### THE PROBLEM
Nothing but the lines from the start of the records through the line that contains "استديو بجلسة ودخول ذاتي" is to be copied, and each is to be copied exactly.

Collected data
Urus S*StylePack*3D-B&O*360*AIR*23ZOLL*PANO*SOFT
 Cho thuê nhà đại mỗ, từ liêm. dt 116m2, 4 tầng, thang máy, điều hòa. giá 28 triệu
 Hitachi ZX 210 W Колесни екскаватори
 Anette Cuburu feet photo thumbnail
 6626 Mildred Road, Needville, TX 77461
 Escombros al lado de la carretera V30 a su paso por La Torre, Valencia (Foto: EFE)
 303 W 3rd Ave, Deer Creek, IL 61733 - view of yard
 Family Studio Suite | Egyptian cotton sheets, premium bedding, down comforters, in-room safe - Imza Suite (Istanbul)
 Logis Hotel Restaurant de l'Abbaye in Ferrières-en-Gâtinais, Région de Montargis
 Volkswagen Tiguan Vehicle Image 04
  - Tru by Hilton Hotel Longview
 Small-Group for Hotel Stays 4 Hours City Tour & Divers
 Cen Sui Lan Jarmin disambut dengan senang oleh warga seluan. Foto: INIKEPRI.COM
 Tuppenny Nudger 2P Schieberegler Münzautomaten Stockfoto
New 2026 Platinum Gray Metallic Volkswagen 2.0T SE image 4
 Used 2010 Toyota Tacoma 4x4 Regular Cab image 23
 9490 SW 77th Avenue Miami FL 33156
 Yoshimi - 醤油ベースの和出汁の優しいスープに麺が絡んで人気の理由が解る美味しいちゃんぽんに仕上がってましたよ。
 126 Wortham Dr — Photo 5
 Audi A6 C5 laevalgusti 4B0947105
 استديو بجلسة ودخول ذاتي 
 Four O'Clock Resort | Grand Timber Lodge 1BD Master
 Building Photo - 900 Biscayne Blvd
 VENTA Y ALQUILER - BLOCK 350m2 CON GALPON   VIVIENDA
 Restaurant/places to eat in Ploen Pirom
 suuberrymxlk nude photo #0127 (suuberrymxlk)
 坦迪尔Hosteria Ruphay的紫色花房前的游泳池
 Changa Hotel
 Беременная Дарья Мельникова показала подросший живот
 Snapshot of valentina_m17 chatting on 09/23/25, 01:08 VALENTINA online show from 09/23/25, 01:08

### RESULT BELOW
Urus S*StylePack*3D-B&O*360*AIR*23ZOLL*PANO*SOFT
 Cho thuê nhà đại mỗ, từ liêm. dt 116m2, 4 tầng, thang máy, điều hòa. giá 28 triệu
 Hitachi ZX 210 W Колесни екскаватори
 Anette Cuburu feet photo thumbnail
 6626 Mildred Road, Needville, TX 77461
 Escombros al lado de la carretera V30 a su paso por La Torre, Valencia (Foto: EFE)
 303 W 3rd Ave, Deer Creek, IL 61733 - view of yard
 Family Studio Suite | Egyptian cotton sheets, premium bedding, down comforters, in-room safe - Imza Suite (Istanbul)
 Logis Hotel Restaurant de l'Abbaye in Ferrières-en-Gâtinais, Région de Montargis
 Volkswagen Tiguan Vehicle Image 04
  - Tru by Hilton Hotel Longview
 Small-Group for Hotel Stays 4 Hours City Tour & Divers
 Cen Sui Lan Jarmin disambut dengan senang oleh warga seluan. Foto: INIKEPRI.COM
 Tuppenny Nudger 2P Schieberegler Münzautomaten Stockfoto
New 2026 Platinum Gray Metallic Volkswagen 2.0T SE image 4
 Used 2010 Toyota Tacoma 4x4 Regular Cab image 23
 9490 SW 77th Avenue Miami FL 33156
 Yoshimi - 醤油ベースの和出汁の優しいスープに麺が絡んで人気の理由が解る美味しいちゃんぽんに仕上がってましたよ。
 126 Wortham Dr — Photo 5
 Audi A6 C5 laevalgusti 4B0947105
 استديو بجلسة ودخول ذاتي 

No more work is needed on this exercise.